The game's interface doesn't help matters much, either. The camera is fixed on an almost direct overhead angle, and it's zoomed in far enough that you can't see for more than about 10-15 yards in any direction around your character. As a result, you'll often come under fire before you can even see who's shooting at you or where it's coming from. The compass has some colored indicators to show the direction of nearby enemies, but it would have been nice to just be able to pull back the camera a bit or adjust the angle to see more land. Perhaps more bizarre is how the game handles weapon aim. If you hold the right trigger button down halfway, the aiming reticle will come up ahead of your character, toward the top of the screen. If an enemy comes in range, the reticle will snap to that enemy and you can fire on him, but only if that enemy is toward the top of the screen.
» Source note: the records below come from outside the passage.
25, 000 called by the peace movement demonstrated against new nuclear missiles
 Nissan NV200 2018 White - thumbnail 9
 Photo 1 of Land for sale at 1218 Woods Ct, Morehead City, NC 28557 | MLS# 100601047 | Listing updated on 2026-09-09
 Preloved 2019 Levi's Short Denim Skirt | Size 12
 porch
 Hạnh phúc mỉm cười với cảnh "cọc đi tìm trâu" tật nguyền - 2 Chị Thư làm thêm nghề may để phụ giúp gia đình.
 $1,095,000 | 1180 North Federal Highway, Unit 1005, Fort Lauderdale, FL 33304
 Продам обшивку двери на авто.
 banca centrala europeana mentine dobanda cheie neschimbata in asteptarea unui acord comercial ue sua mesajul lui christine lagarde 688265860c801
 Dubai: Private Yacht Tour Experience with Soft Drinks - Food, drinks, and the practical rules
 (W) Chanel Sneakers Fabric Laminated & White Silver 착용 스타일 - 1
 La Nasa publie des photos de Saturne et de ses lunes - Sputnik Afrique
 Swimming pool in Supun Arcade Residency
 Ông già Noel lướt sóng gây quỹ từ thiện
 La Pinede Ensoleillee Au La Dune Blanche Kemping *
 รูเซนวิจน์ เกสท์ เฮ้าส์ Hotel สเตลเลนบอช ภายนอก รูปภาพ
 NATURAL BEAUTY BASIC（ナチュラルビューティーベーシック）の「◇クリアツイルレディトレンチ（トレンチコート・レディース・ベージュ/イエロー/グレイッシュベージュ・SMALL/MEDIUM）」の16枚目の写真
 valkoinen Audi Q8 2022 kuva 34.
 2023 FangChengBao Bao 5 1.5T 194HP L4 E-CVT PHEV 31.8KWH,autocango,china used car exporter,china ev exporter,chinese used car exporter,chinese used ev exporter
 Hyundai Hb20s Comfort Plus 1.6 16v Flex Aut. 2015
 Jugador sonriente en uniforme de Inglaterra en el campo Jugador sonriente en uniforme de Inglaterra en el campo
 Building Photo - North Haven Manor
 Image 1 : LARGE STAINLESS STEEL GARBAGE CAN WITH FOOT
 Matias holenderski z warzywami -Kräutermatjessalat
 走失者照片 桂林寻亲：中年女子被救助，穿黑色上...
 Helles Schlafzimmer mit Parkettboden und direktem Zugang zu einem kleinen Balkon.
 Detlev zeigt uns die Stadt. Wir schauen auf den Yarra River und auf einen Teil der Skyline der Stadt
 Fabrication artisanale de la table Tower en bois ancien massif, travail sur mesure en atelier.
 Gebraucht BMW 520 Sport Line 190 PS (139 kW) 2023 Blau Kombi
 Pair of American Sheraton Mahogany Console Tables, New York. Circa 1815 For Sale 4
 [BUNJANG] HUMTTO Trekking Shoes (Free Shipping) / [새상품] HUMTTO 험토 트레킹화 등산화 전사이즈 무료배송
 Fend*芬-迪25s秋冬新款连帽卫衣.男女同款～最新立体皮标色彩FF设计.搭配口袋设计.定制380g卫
You can't aim or fire at enemies to the side or toward the bottom of the screen, even if you're facing in that direction. You constantly have to swing the camera around so that you're shooting toward the top of the screen. It's very strange, and though you get used to it fairly quickly, there doesn't seem to be any logic to why the game forces you to manipulate the camera in this way. Basically, you will spend most of the game walking around with the trigger half pulled, and whenever you see the reticle snap to a target, you shoot. Move around a little bit more, shoot some more. Lather, rinse, repeat.
And it doesn't play like a whole lot, either.
There are some interesting things you can do with the controls, like duck behind boxes or other pieces of cover, much of which is actually destructible. You'll also be able to throw grenades with the help of a handy interface that shows the arc of your toss. You also have quick access to up to three different weapons from the D pad, and you'll find that the levels and enemies drop quite a lot of weapons and ammunition for you to scavenge. There's even a two-player cooperative mode that lets you and a friend play the campaign together on the same screen. Unlike in the single-player mode, you'll be able to aim and fire in any direction. But the missions are all the same, and you can't have a friend join you in the middle of a single-player campaign that you started. If you want to play two players, you need to create a separate campaign and play through the whole thing together.
Combat Elite's graphics and sound are rather ordinary, and they don't offer any salvation from its shortcomings in gameplay. It's nice that some elements of the battlefield are destructible, but the character models don't look all that great, and the death animations look stiff and strange. The gun effects and death cries aren't all that hot either, as they make the game sound a lot like some cheesy '50s-era war movie. The dramatic, orchestral music is pretty limited and forgettable, rounding out a presentation package that offers little flash or pizzazz.
Overall, Combat Elite: WWII Paratroopers comes off as a bare-bones action RPG game, offering very basic, simplistic gameplay. War game fanatics may find some mindless amusement from it, but the rest of us will end up feeling unsatisfied with its dull campaign, imbalanced RPG system, and strange control mechanisms.